BEGIN

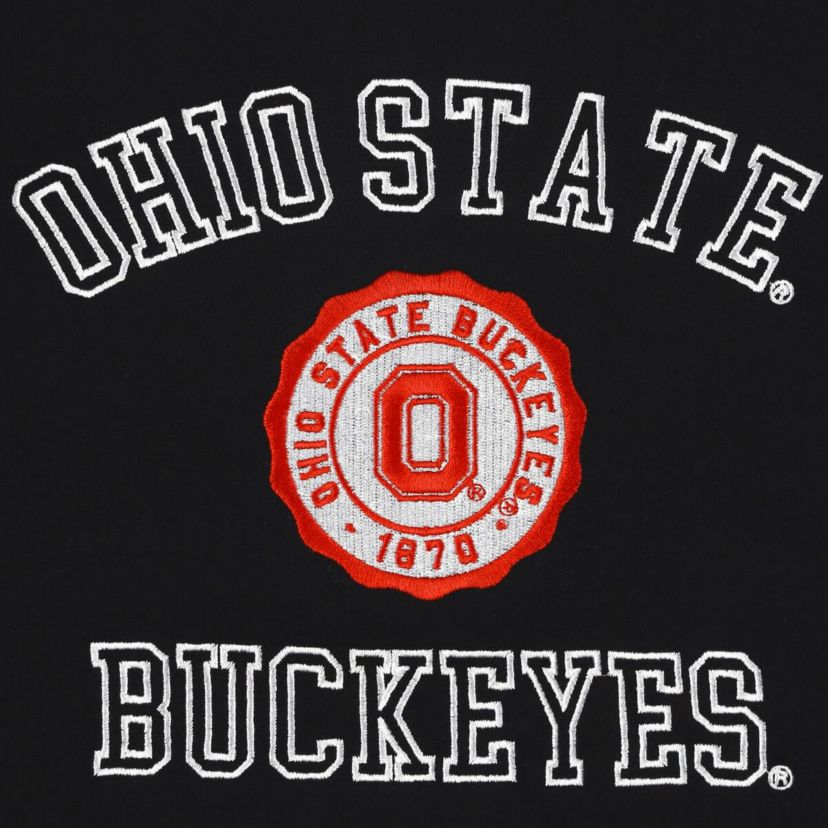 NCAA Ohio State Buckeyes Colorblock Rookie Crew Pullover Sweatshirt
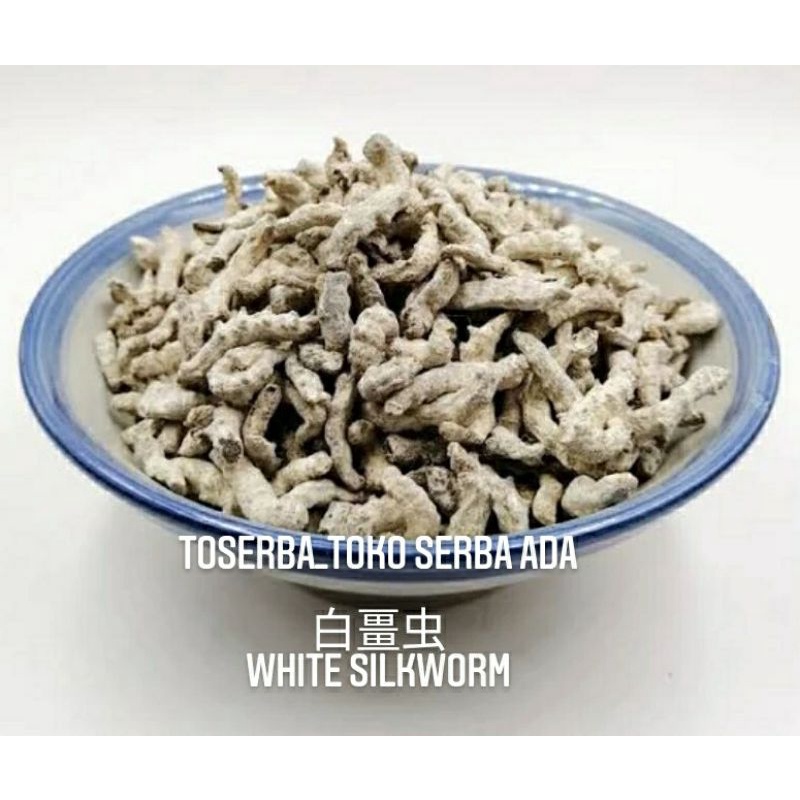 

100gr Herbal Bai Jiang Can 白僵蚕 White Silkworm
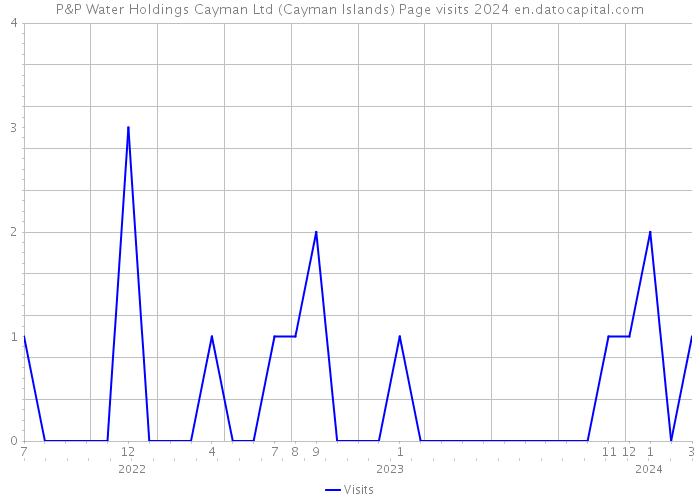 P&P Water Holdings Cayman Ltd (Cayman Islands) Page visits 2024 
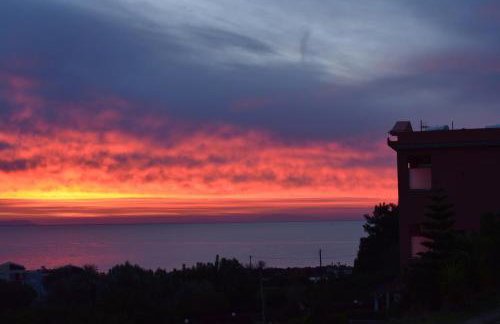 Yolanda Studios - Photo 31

END

Leave the pictures out, and copy exactly each line from the one containing "100gr Herbal Bai Jiang Can 白僵蚕 White Silkworm" through the final line of the data.

100gr Herbal Bai Jiang Can 白僵蚕 White Silkworm
 P&P Water Holdings Cayman Ltd (Cayman Islands) Page visits 2024 
 Yolanda Studios - Photo 31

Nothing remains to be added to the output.